Survival Unit: un Resident Evil diverso dal solito
Al di là del contenuto in sé, è interessante notare come Survival Unit si candidi a essere molto più di uno spin-off estemporaneo. La componente multiplayer, con eventi stagionali, classifiche e sfide coop suggerisce l’intenzione di mantenerlo vivo nel tempo, come un servizio. Eppure, a differenza di tanti progetti analoghi, qui la modalità single player non è stata trascurata: la storia principale offre una campagna narrativa consistente, che alterna missioni gestionali a cut-scene dallo stile quasi console. È forse questo l’elemento che più differenzia il titolo dagli innumerevoli concorrenti del settore: la volontà di legare le meccaniche strategiche a un immaginario narrativo già solido, piuttosto che affidarsi al solo loop del free-to-play.

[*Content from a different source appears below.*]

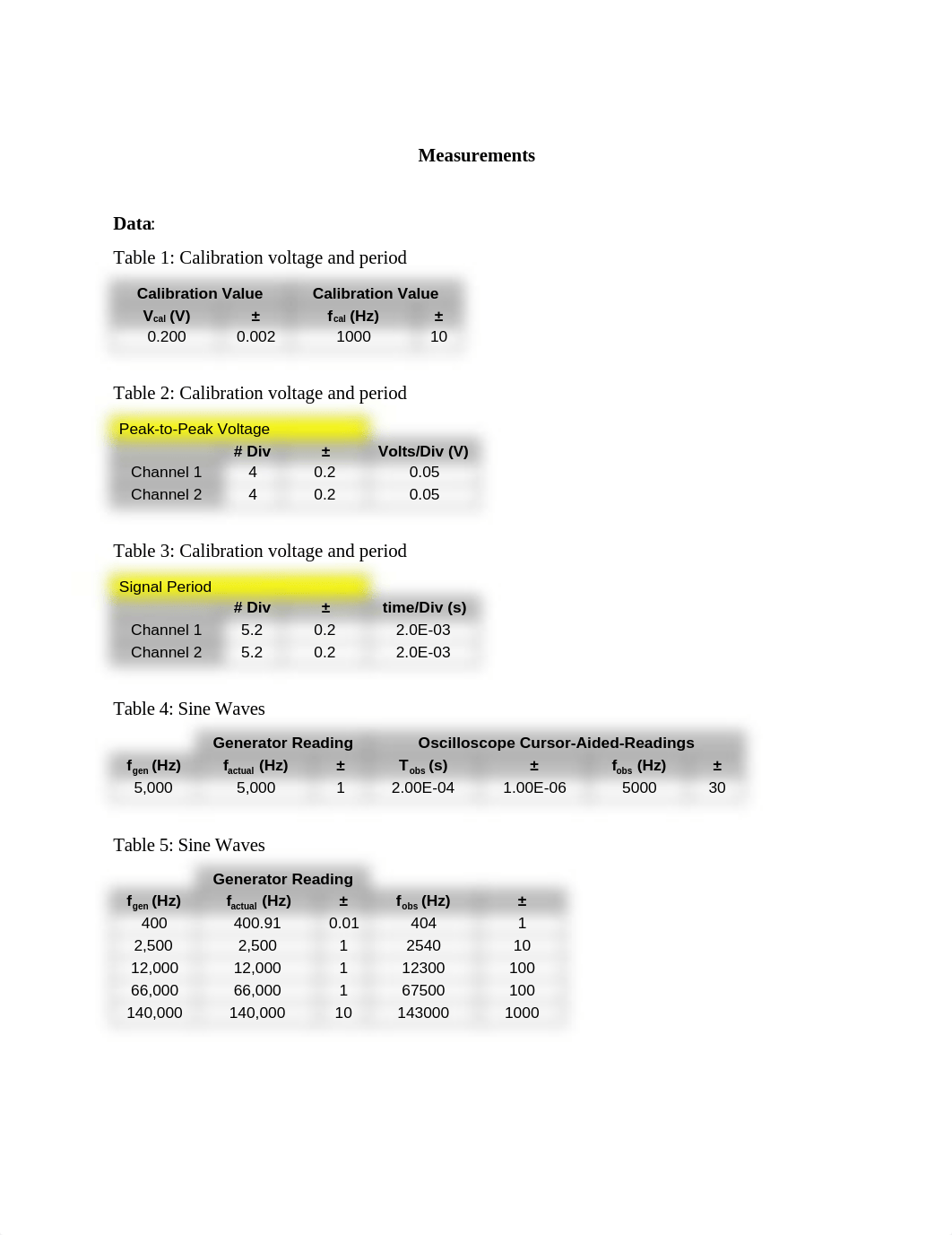 Physics 164 Lab report exp 16_d474yhg4yye_page3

La ricezione dei fan, comprensibilmente, sarà a dir poco divisiva. Una parte del pubblico fatica ad accettare che un nome come Resident Evil finisca nel calderone dei giochi mobile con microtransazioni e dinamiche competitive. D’altro canto, c’è chi intravede nel progetto una possibilità: portare l’universo horror di Capcom in territori inesplorati, aprirlo a un pubblico nuovo senza snaturare del tutto il DNA originario. La verità, come sempre, starà nel bilanciamento. Se il sistema saprà offrire profondità, se la base-building non diventerà mera routine e se la narrazione manterrà lo standard della saga, Survival Unit potrebbe rivelarsi un esperimento riuscito.
Per ora resta la curiosità, alimentata da trailer ben confezionati, da un comparto artistico interessante e da un posizionamento narrativo che non manca di fascino. Tornare a Raccoon City in questa forma inedita non sarà come imbracciare una torcia nel commissariato o affrontare Nemesis in un vicolo buio, ma forse rappresenta la dimostrazione più chiara di quanto il marchio Resident Evil sia ormai fluido, capace di reinventarsi senza perdere il legame con le proprie origini.